Czy wypada dotrwać w piekle do końca, by uniknąć, tu, jeszcze po tej stronie jakiejś wstępnej gry... Człowiek nic nie wie. Straszydeł tylko bezlik wokół... Nieba jakoś wyobrazić sobie nie potrafię. Że może jakieś światło ma mnie ogarnąć? Nie lubię nadmiernych oświetleń. Bo zbyt silne światło - paradoksalnie - wzmacnia tylko dookolny mrok... Przedobrzenia nie są najlepsze. Świat w pełnym blasku jest trochę jak nieżyczliwa lampka nad łazienkowym lustrem, która zdradza na ryju wszelkie niedoskonałości i psuje humor. Lepiej więc nie przypominać sobie codziennie potworności. Życie jakoś jest znośne. Światło też może oślepić, przez co wtrącić i tak w ciemność, której się chciało uniknąć... Byle nie przesadzać. Jak żartuje trochę Schopenhauer: Raj Dantego wygląda mniej więcej jak londyński dworzec, albowiem wszystkie błogosławione duchy ukazują się tam jako punkty świetlne, tworząc regularne figury... Chyba tak daleko w światło nie chciałbym pójść... Ponieważ samobójstwo jednak zawsze ma dla mnie w sobie pewien powab, jest rozważaną możliwością, tedy, wędrując po piekle dantejskim, w którym wszelkich atrakcji bezlik: wrzaski, wrząca krew, płomienie, gadzie metamorfozy, spętania i rozpętania, a wreszcie straszliwe zmrożenia, napotkałem i krąg, do którego kandyduję... Za tą wspomnianą krwią gorącą, w której, strzeżone  przez Minotaura, skąpane są dusze gwałtowników wobec bliźnich, znajduje się drugi rejon siódmego kręgu, w którym goszczą gwałtownicy wobec siebie samych.
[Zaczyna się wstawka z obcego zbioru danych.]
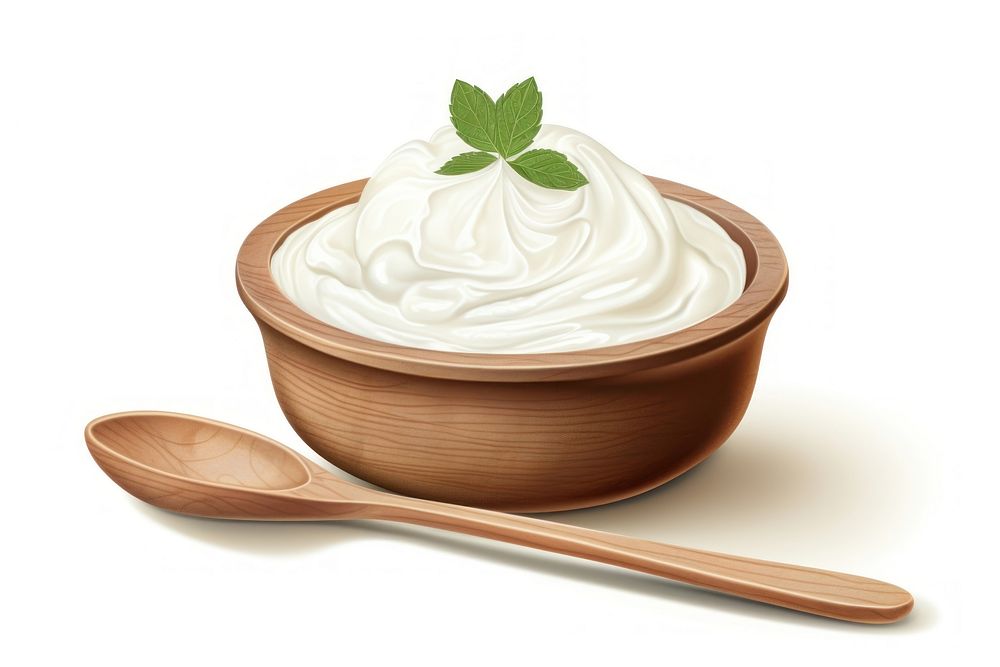 Yogurt in wooden bowl dessert cream spoon.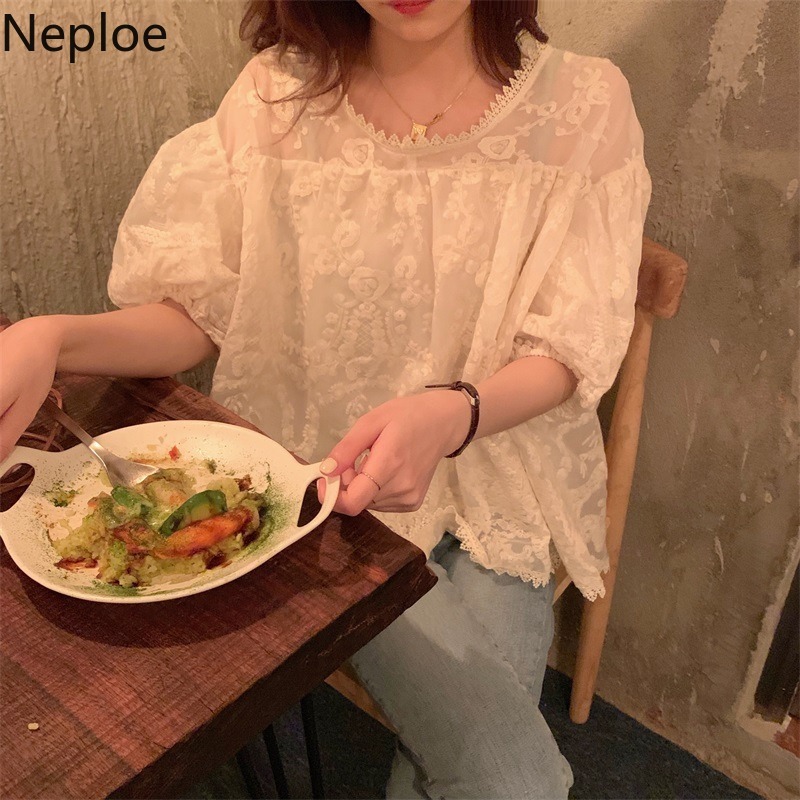 Neploe Womens Tops Lace Shirts O-neck Puff Sleeve Fashion Blouses Loose Blouse Blusas Mujer De Moda Verano Elegantes 94947 210422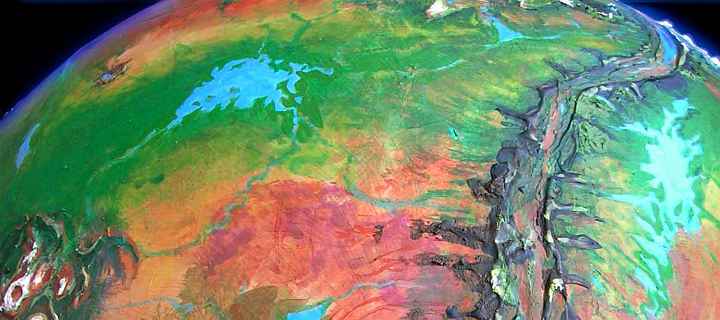 Low orbital photo of the equatorial Kaol Sea, Polodona Forest, and Thurian Rift, on Tharn, a dry rather Martian world-model. Click to enlarge.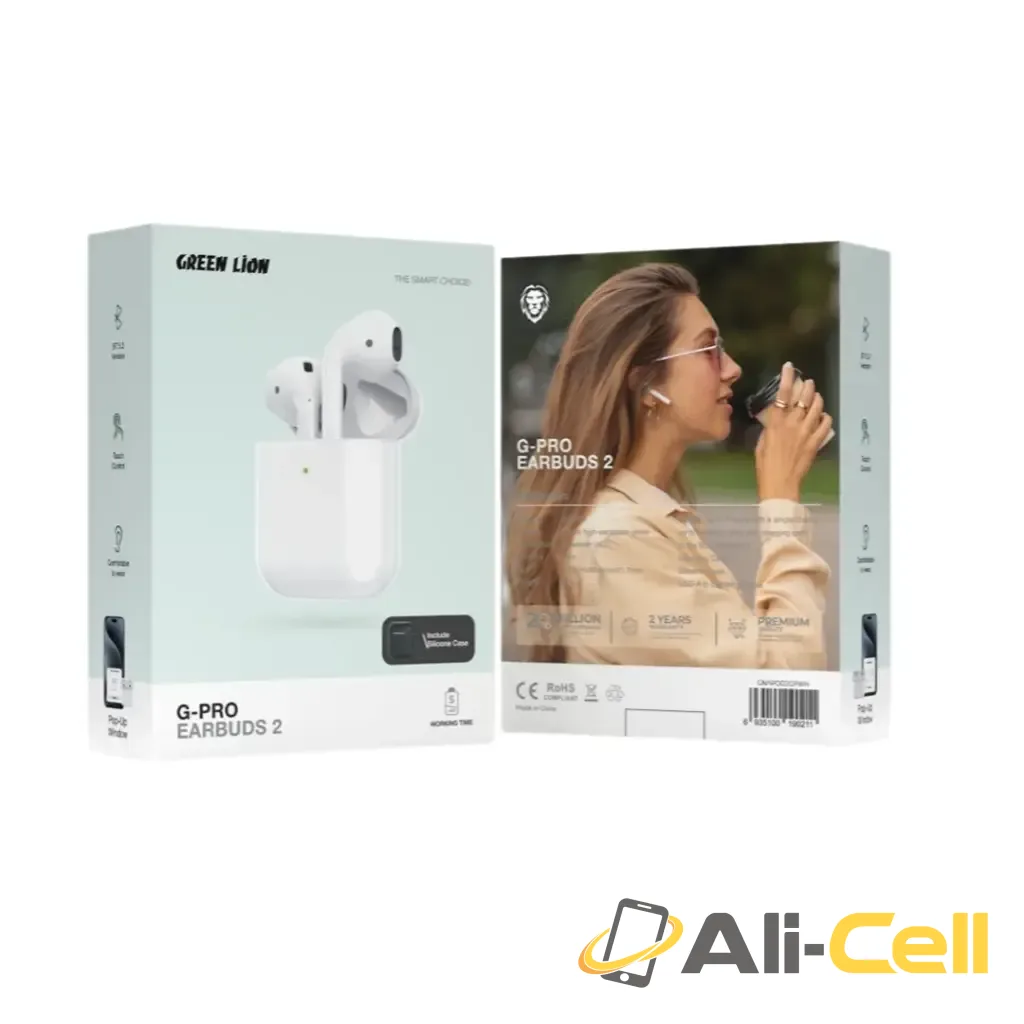 Green Lion G-Pro Earbuds 2-White — 2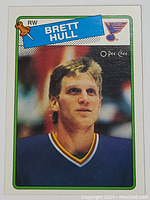 Front of Brett Hull rookie hockey card with player photo and St. Louis Blues logo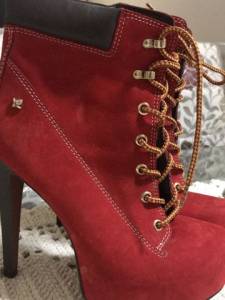 Bota Salto Vermelha Cravo E Canela 36
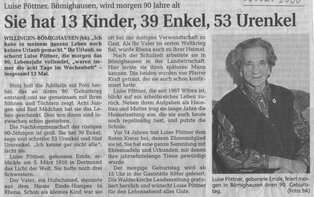 Ein Zeitungsartikel über Luise Pöttner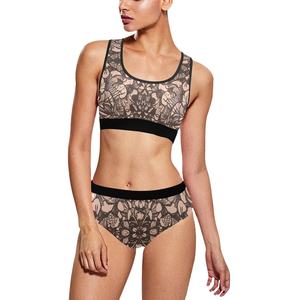 Ensemble de yoga 2 pièces couleur unie tendance : Soutien-gorge de sport + Short imprimé par sublimation – Tenues d'entraînement et de fitness pour femme - Product Image 1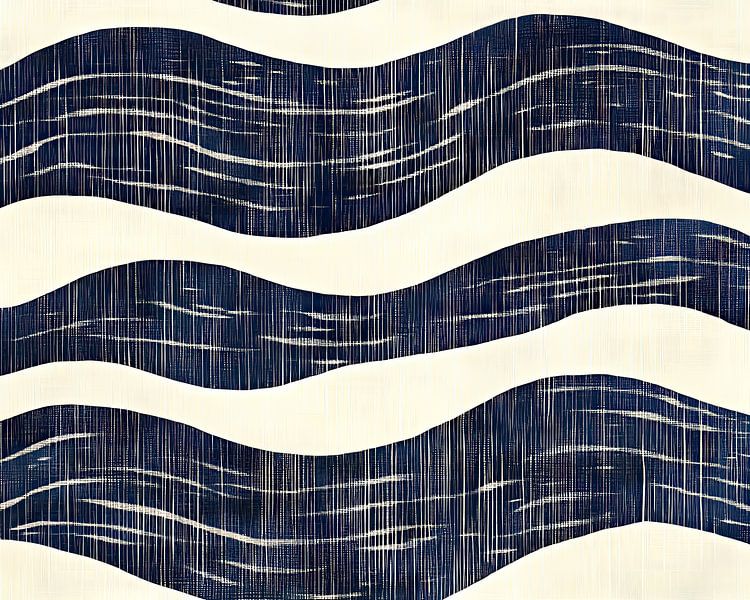 Équilibre de l'encre - symétrie dans le bleu et le lin par Thea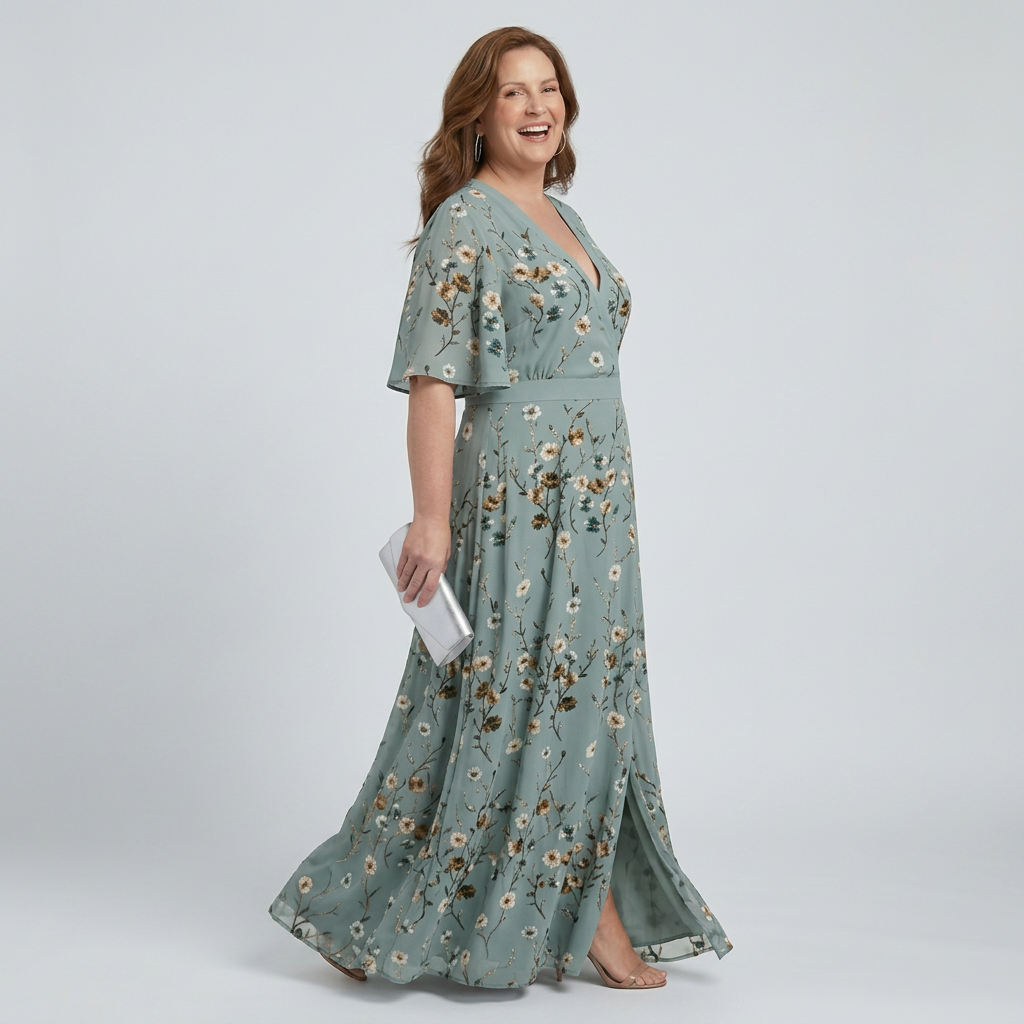 Elegant Maxi Dress for Women Wrap V-Neck Flutter-Sleeve — Sage Green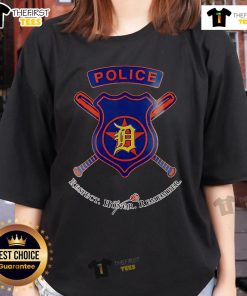 Alt Text: Top Detroit Tigers National Police Week Night 2025 baseball ladies tee featuring team colors and logo.
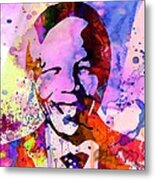 Nelson Mandela Watercolor Metal Print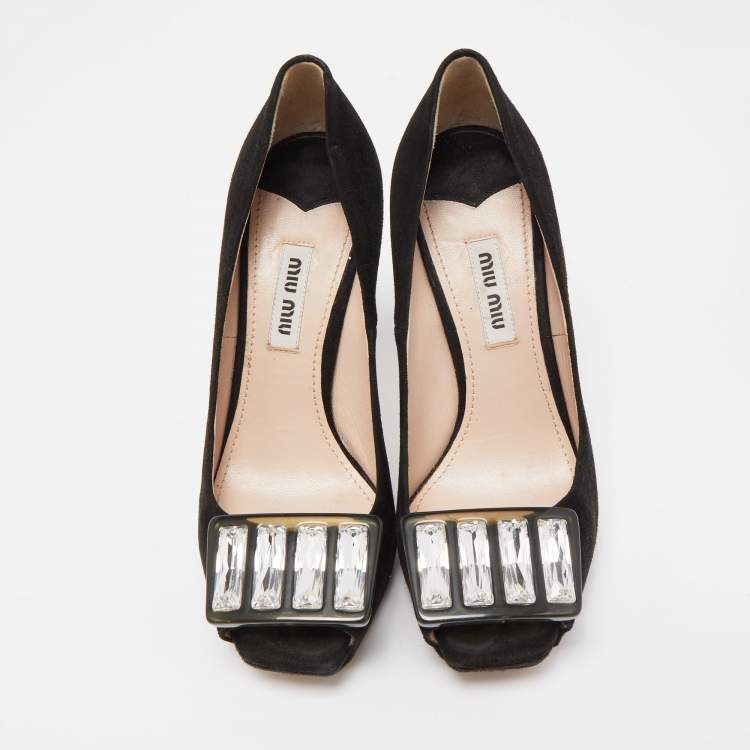 Pre Owned Miu Miu Black Suede Crystal Embellished Peep Toe Pumps Size 35.5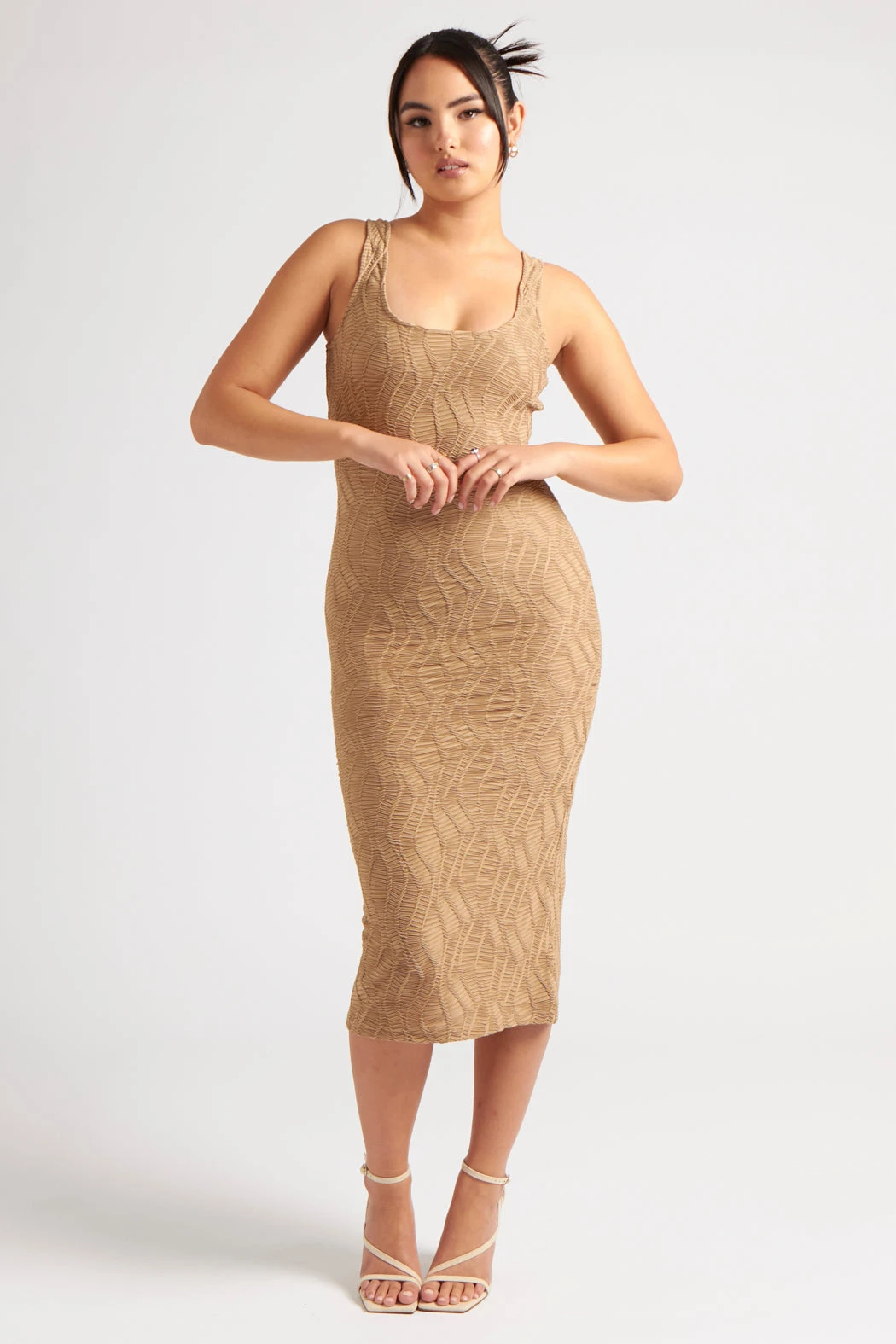 Textured Scoop Back Midi Dress Tan / 12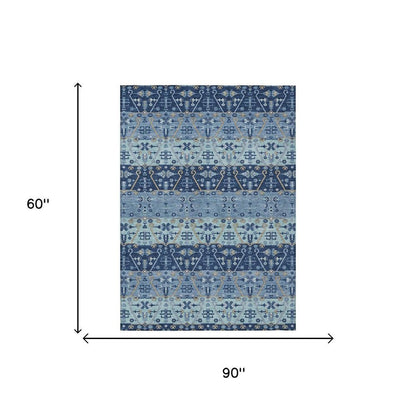 5' X 8' Navy Blue And Blue Oriental Washable Indoor Outdoor Area Rug HomeRoots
Przyznać muszę, że dla tej wizji mam szczególnie wiele swoistej sympatii... Jakbym się przyzwyczajał, z gąszczu w gąszcz... Pewna odmiana, ale nie aż tak daleko idąca. Piekielna tylko nieruchomość, zakleszczenie nieubłagane w stanie określonym na amen... (Swoją drogą, czy człowiek tak naprawdę stwierdzi kiedyś koniec swego ziemskiego bytowania, czy to jest przewidziane w programie?) Oto więc Wergili i Dante, przebywszy krwawy potok pod gradem Centaurowych strzał, dotarli do leśnej gęstwiny, gdzie żadna ścieżka nie świtała oku.

Liść nie zielony tam, lecz jakiś siny;

Gałąź nie gładka, lecz jakaś żylasta;

Zamiast owoców - zatrute jeżyny.

Nie tak się plącze i nie tak zarasta

Między Kornetem a Cecyną puszcza,

Gdzie zwierz się chowa, wróg sioła i miasta.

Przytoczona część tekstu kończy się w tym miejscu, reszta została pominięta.